Serum cardiometabolic biomarkers in relation to all-cause and cause-specific mortality

Principal Investigator: Dr Dong Hang
Approved Research ID: 52217
Approval date: July 31st 2019

Lay summary

Despite substantial epidemiologic evidence supports the association between cardiometabolic biomarkers and risk of cardiovascular, metabolic disease and cancer, how these biomarkers may influence all-cause and cause-specific mortality remain to be established. Previous studies were limited by the relatively small sample size, inclusion of men or women only, short duration of follow up, examination of CVD or cancer mortality only, or inadequate control for confounding. Therefore, a systematic investigation of cardiometabolic biomarkers with mortality in a large-scale cohort is needed to better understand the role of metabolic disturbances in death risk. We will utilize data from UK biobank to prospectively investigate associations of 14 serum biomarkers, including lipid profiles (i.e., Cholesterol, Direct Low Density Lipoprotein, HDL-Cholesterol, Triglyceride, Apolipoprotein A, and Lipoprotein (a)), inflammatory marker (C-reactive Protein), IGF1, HbA1c, glucose, and sex hormones (i.e., testosterone, oestradiol, sex hormone binding globulin), with the risk of all-cause and cause-specific mortality (i.e., death from CVD, cancer, and other causes).

Scope extension:

Amounting evidence indicates the critical role of systemic metabolic alterations in many chronic diseases. In population level, various circulating cardiometabolic and related biomarkers (e.g., lipid profiles, inflammatory markers, IGF1, HbA1c, glucose, and sex hormones [e.g., testosterone, sex hormone binding globulin]) have been linked to the risk of cardiovascular disease, type 2 diabetes, and cancer. However, whether the biomarkers are associated with population mortality remains largely unknown. Therefore, this study aims to comprehensively assess the relationship of serum cardiometabolic and related markers with all-cause and cause-specific mortality.

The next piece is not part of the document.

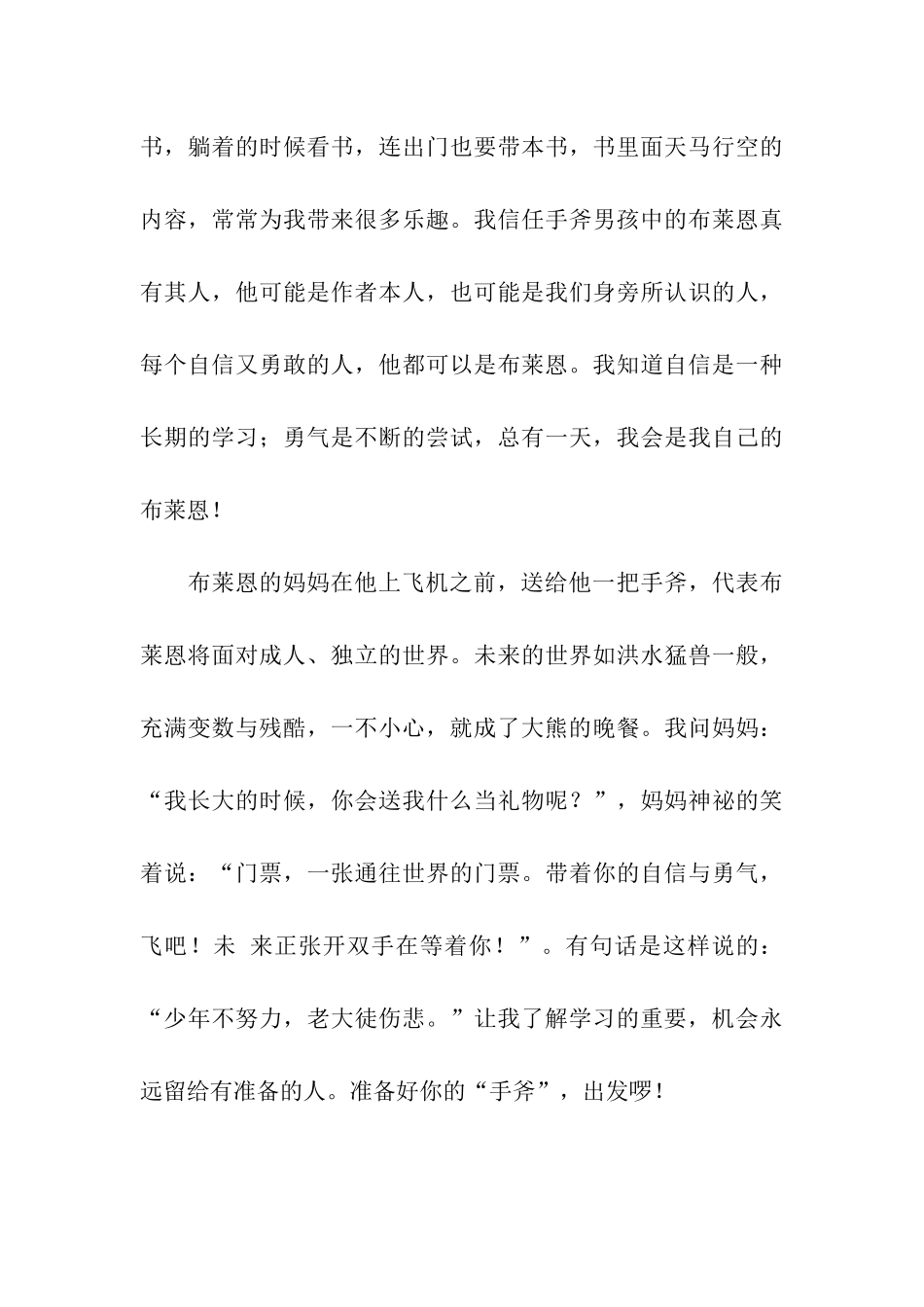 手斧男孩读后感1200字_第3页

We are very interested in the association of telomere length (TL), a newly released biomarker from UK Biobank, with all-cause and cause-specific mortality. It has been widely recognized that telomeres play a significant role in cellular aging. Epidemiological evidence also suggests the association between TL and the risk of cardiovascular disease and cancer, although the results are inconsistent. However, it remains largely unknown whether and how TL was associated with all-cause and cause-specific mortality. Additionally, we are now using available serum biochemical biomarkers to develop a prediction model for mortality risk, which would be useful to idenfiy individuals at high risk of early death . It remains unknown whether the model discrimination would be improved by adding TL to our current model. Therefore, this study aims to 1) assess theassociation between TL and mortality risk (i.e., death from CVD, cancer, and other causes); 2) evaluate the model performance by inlcuding various blood biomarkers including TL.